The Tomb of Parennefer, Butler of Pharaoh Akhenaten
Theban Tomb 188
Format:Hardback
Publisher:Pennsylvania State University Press
Published:15th Nov '22
Currently unavailable, and unfortunately no date known when it will be back
The definitive record of Theban Tomb 188, belonging to Parennefer, the butler of the heretic pharaoh Akhenaten.
Theban Tomb 188 is the sole archaeological site in the ancient Theban necropolis securely dated to the reign of the “heretic pharaoh” Akhenaten (1353–1336 BCE). The result of several years of clearance and recording by Dr. Susan Redford, director of the Akhenaten Temple Project’s Theban Tomb Survey, this richly illustrated book provides a detailed description of the remaining wall scenes and texts of this historically important ancient monument.

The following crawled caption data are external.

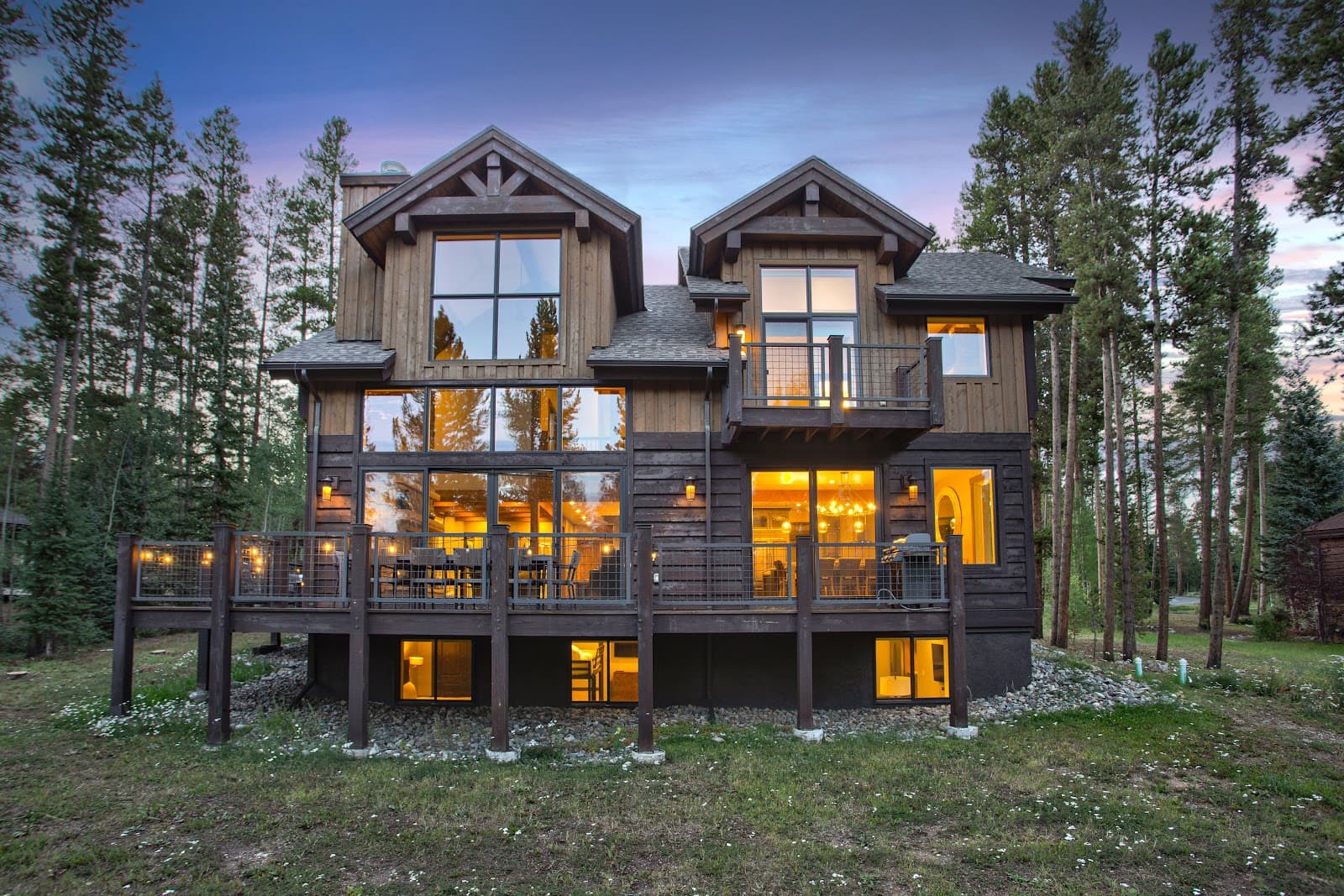 Breckenridge, Colorado, USA — 5-Bed House With Hot Tub 3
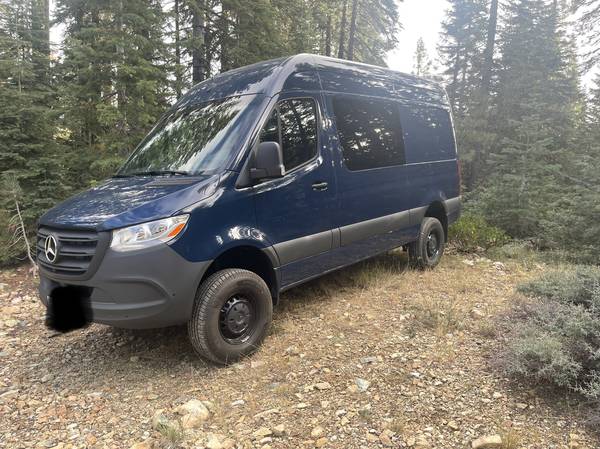 2022 4×4 Sprinter Crew Van 144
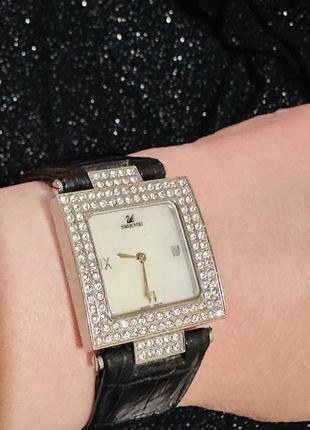 Часы наручные swarovski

In the fourteenth century BCE, Pharaoh Akhenaten attempted to institute a radical religious reform and moved his capital city to Amarna. This book publishes important evidence related to the Amarna period in ancient Egypt, specifically the plans, reliefs, and inscriptions of Theban Tomb 188, belonging to Parennefer, the tutor and butler of the king. Dr. Redford’s detailed archaeological study traces the rapid evolution of ideology, iconography, and iconoclasm, as revealed in Parennefer’s tomb. The decoration kept pace with the momentous changes in the king’s thinking, so that, when dovetailed with the pictorial evidence from the excavations of the great Gem-pa-aten temple at Karnak, it becomes possible to chronicle these rapid changes.
This definitive study of the tomb of Parennefer will appeal to archaeologists, Egyptologists, historians of religion, and art historians working on the ancient Near East.
“. . .this is a beautifully produced volume that addresses, in detail, the archaeology of a historically important ancient Egyptian monument. . . . Perhaps most significantly, Redford’s definitive guide to this tomb, and to Parennefer himself, provides unique insight into the changes in art and culture at that time, especially at a non-royal level of society.”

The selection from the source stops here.